> _Provided data_
%%

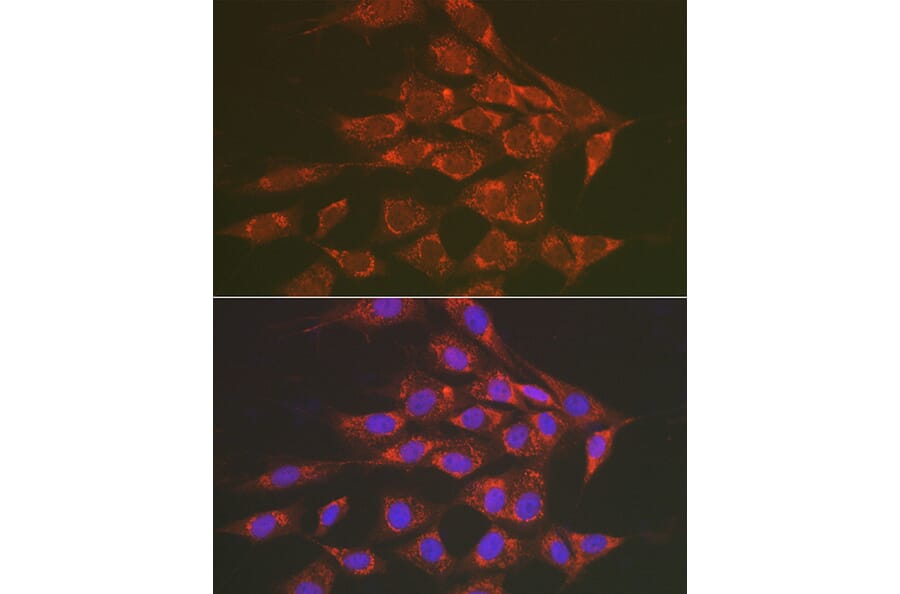 Immunofluorescence - Anti-Sorbitol Dehydrogenase Antibody (A13885) - Antibodies.com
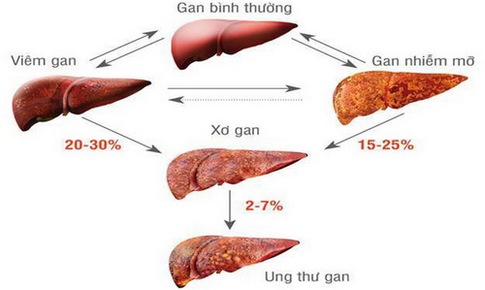 B&#224;i thuốc chữa bệnh gan do rượu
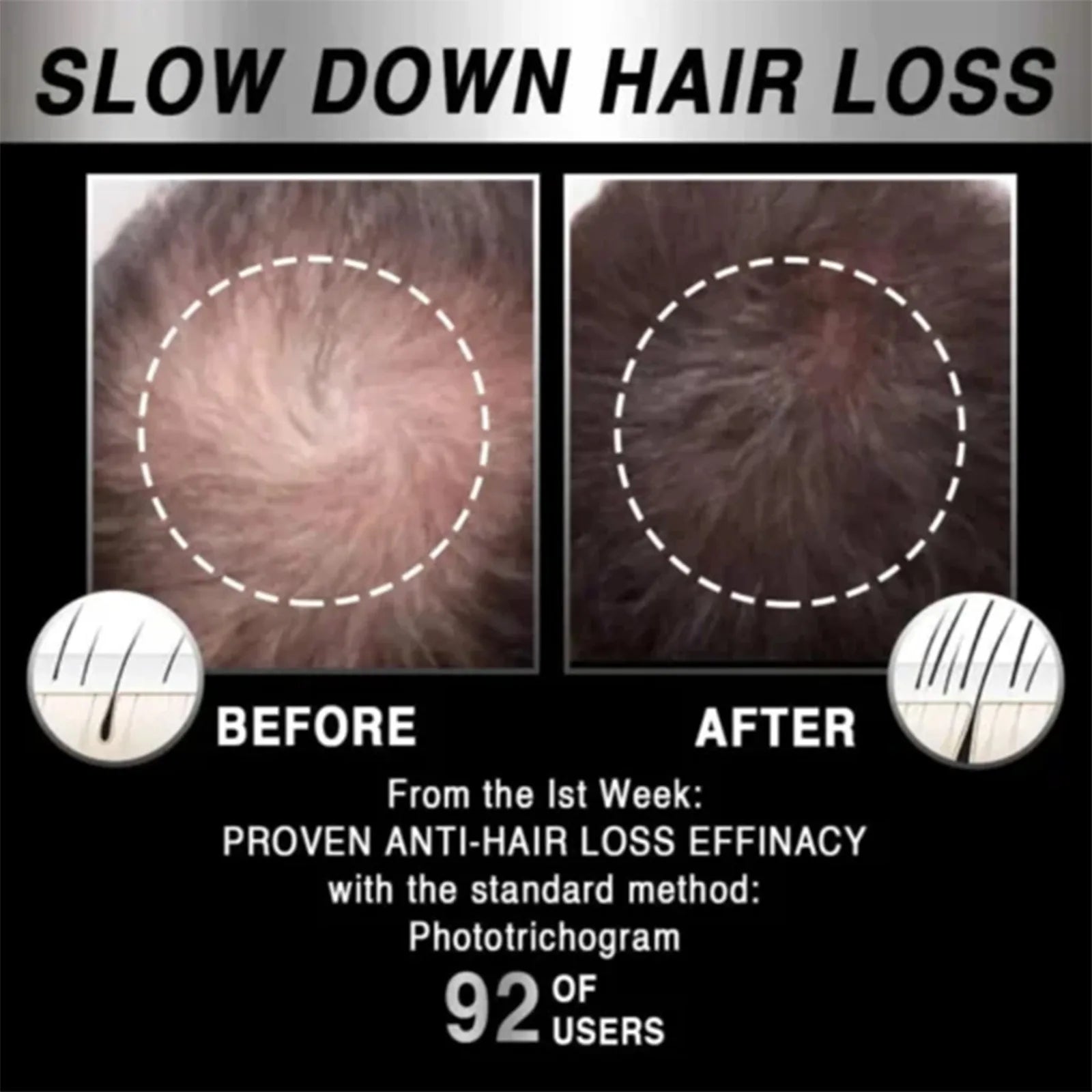 Heated Hair Cap - Cap Trimmers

%%

> _Task_
Copy exactly the lines that run from the line containing "B&#224;i thuốc chữa bệnh gan do rượu" to the end of the data, keeping both end lines and dropping every picture.

> _Answer to this problem_
 B&#224;i thuốc chữa bệnh gan do rượu
 Heated Hair Cap - Cap Trimmers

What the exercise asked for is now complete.